Work order — Once the pictures are set aside, copy the data below exactly as it stands.

Supplied material —
== Segment start ==

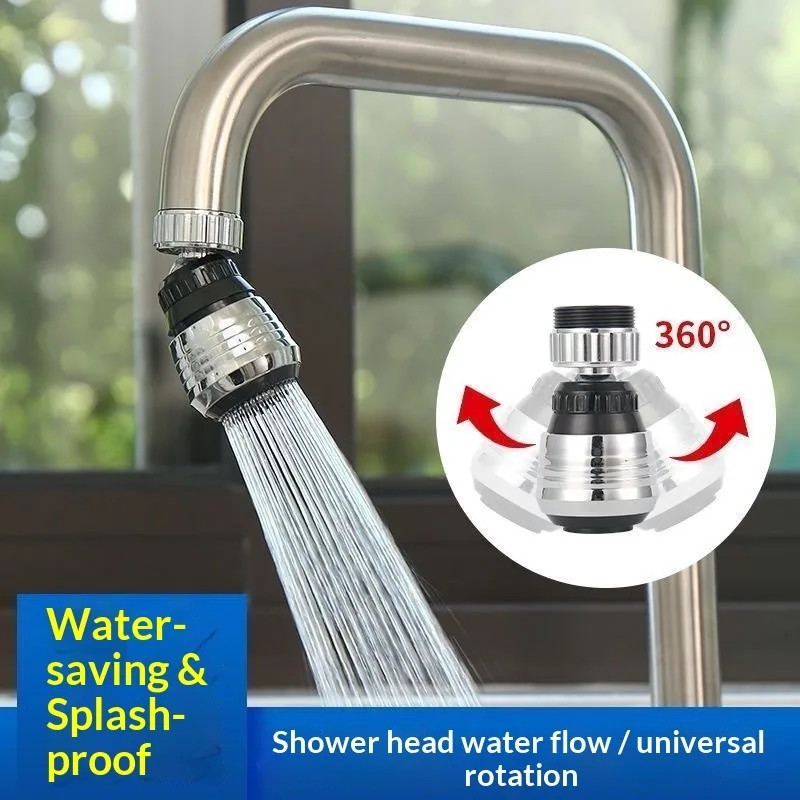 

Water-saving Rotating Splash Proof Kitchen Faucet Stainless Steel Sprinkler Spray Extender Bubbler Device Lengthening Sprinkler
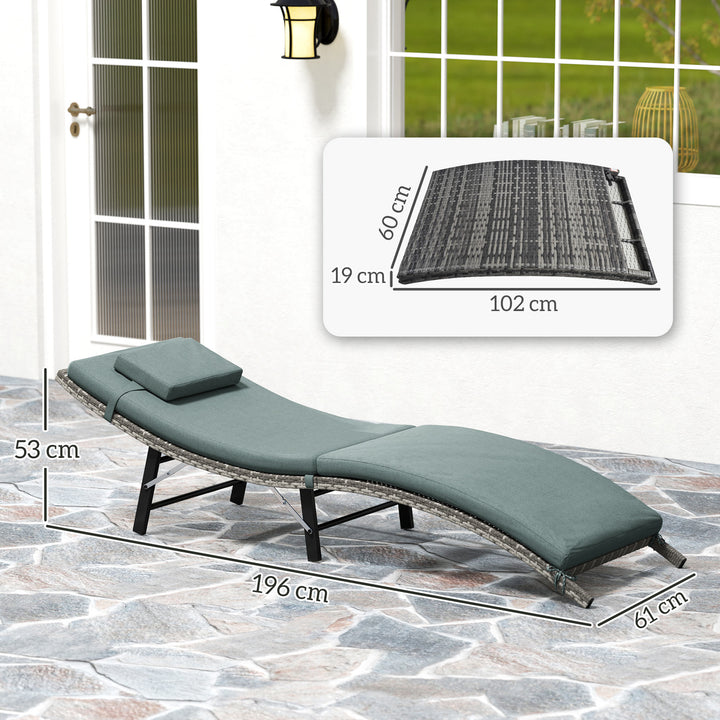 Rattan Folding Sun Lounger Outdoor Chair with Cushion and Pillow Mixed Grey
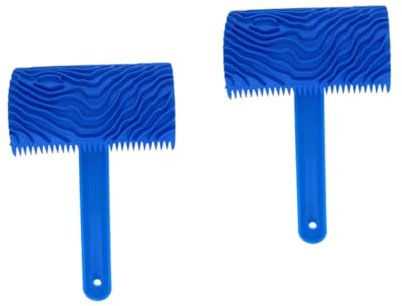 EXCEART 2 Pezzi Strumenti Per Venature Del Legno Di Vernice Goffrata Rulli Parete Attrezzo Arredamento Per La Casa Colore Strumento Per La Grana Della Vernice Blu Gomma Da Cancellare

== Segment end ==

Answer for the task —
Water-saving Rotating Splash Proof Kitchen Faucet Stainless Steel Sprinkler Spray Extender Bubbler Device Lengthening Sprinkler
 Rattan Folding Sun Lounger Outdoor Chair with Cushion and Pillow Mixed Grey
 EXCEART 2 Pezzi Strumenti Per Venature Del Legno Di Vernice Goffrata Rulli Parete Attrezzo Arredamento Per La Casa Colore Strumento Per La Grana Della Vernice Blu Gomma Da Cancellare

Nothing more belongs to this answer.